The first two cervical vertebrae are modified and have no disc between them. The atlas (C1), shown in Figs. 6-5 and 6-6, has no body and no spinous process, and it has short transverse processes. It is a ring that consists of an anterior arch, a posterior arch, and two large lateral masses that have large articular facets. The superior facets articulate with the occipital condyles on the occipital bone, and the inferior facets articulate with the vertebra below. The axis (C2), shown in Figs. 6-7 to 6-9, has a dens, or odontoid process, that projects upward from the vertebral body like a tooth. The odontoid process acts as a pivot for rotation of the atlas.

FIG. 6-5 Atlas (C1).

Thoracic Vertebrae

The 12 thoracic vertebrae are designated T1 through T12. These can be distinguished from other vertebrae by the costal facets, located on the bodies and transverse processes, for articulation with the ribs. The head of the rib articulates with the vertebral body, and the tubercle of the rib articulates with the transverse process. They also have long, pointed spinous processes. These features are illustrated in Fig. 6-10. The axial CT image in Fig. 6-11 shows the articulations of a thoracic vertebra with ribs. The sagittal CT image in Fig. 6-12 shows the long, pointed spinous processes that are typical of thoracic vertebrae.

Lumbar Vertebrae

The five lumbar vertebrae, designated L1 through L5, make up the part of the vertebral column in the small of the back. The lumbar vertebrae (Figs. 6-13 and 6-14) have large, heavy bodies because they support most of the body weight and have many back muscles attached to them. They also have short, blunt spinous processes. The sagittal MR image in Fig. 6-15 shows the thick, heavy bodies of the lumbar vertebrae and the intervertebral discs between the vertebrae.

Sacrum and Coccyx

The sacral region of the vertebral column (Fig. 6-16) consists of five vertebrae that fuse to form the sacrum The transverse processes of the vertebrae fuse to form the lateral masses (alae) which articulate with the pelvic girdle laterally at the sacroiliac joints Within the lateral masses, sacral foramina allow for passage of nerves. The first sacral segment has a prominent ridge, called the sacral promontory, on the visceral surface. The region inferior to this landmark is the true pelvic cavity. The spinous process of the S5 segment is absent, leaving an opening called the sacral hiatus The coronal CT image in Fig. 6-17 shows these features.

The coccyx, or tailbone, is the most inferior region of the vertebral column. The child has four separate small bones (the number can vary from three to five), which fuse to form a single bone in the adult.
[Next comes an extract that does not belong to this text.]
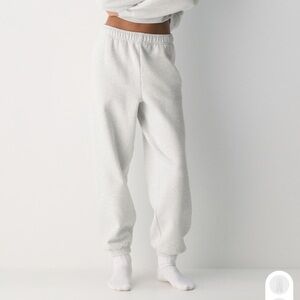TNA cozy fleece boyfriend joggers in Soft Gray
Several muscles have some point of attachment on the coccyx. The CT reconstruction in Fig. 6-18 shows features of the sacrum and coccyx.

Intervertebral Discs

The intervertebral discs, located between the vertebral bodies, are fibrocartilaginous pads classified as symphysis joints; they are designed for strength. In addition to the discs, the vertebral bodies are joined by ligaments. Each disc consists of a soft central core, called the nucleus pulposus, and a firm outer ring, called the anulus fibrosus Fig. 6-19 illustrates an intervertebral disc. The sagittal MR image in Fig. 6-20 shows lumbar vertebrae with intervertebral discs. The nucleus pulposus acts as a shock absorber and as a ball bearing during flexion, extension, and lateral bending of the vertebral column. The anulus fibrosus is composed of rings of fibrocartilage that run obliquely from one vertebra to another to form strong bonds between the vertebrae. The intervertebral discs are thickest in the cervical and lumbar regions, which provides greater flexibility in these regions. As people get older, the nucleus pulposus may become thinner. This accounts for some of the loss of height that occurs as a result of aging. Changes also may occur in the anulus fibrosus that permit the nucleus pulposus to protrude through the outer ring; this is called a herniated disc (Fig. 6-21). The protrusion may compress an adjacent spinal nerve and cause pain in the lower back and/or leg.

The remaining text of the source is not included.